§ SUPPLIED MATERIAL
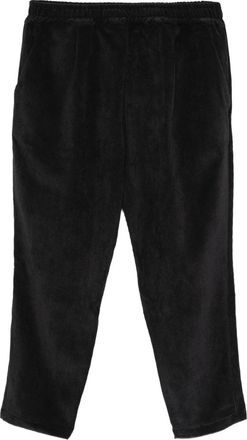 Family Fir$t Milano Corduroy Pocket Trousers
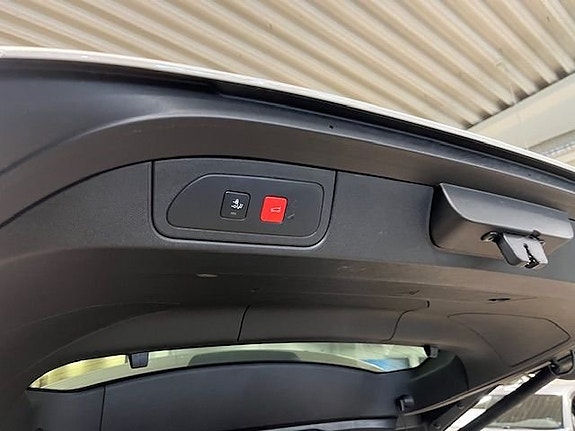 DS DS 7 Crossback 22 of 22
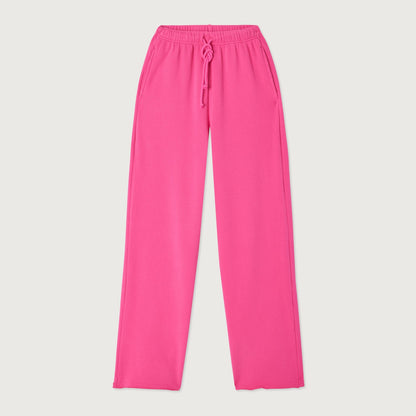 Atubay Trousers - Girly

§ EXERCISE DIRECTIONS
Your reply should be the full data above, copied exactly, with no pictures in it.

§ RESULT FOR THIS TASK
 Family Fir$t Milano Corduroy Pocket Trousers
 DS DS 7 Crossback 22 of 22
 Atubay Trousers - Girly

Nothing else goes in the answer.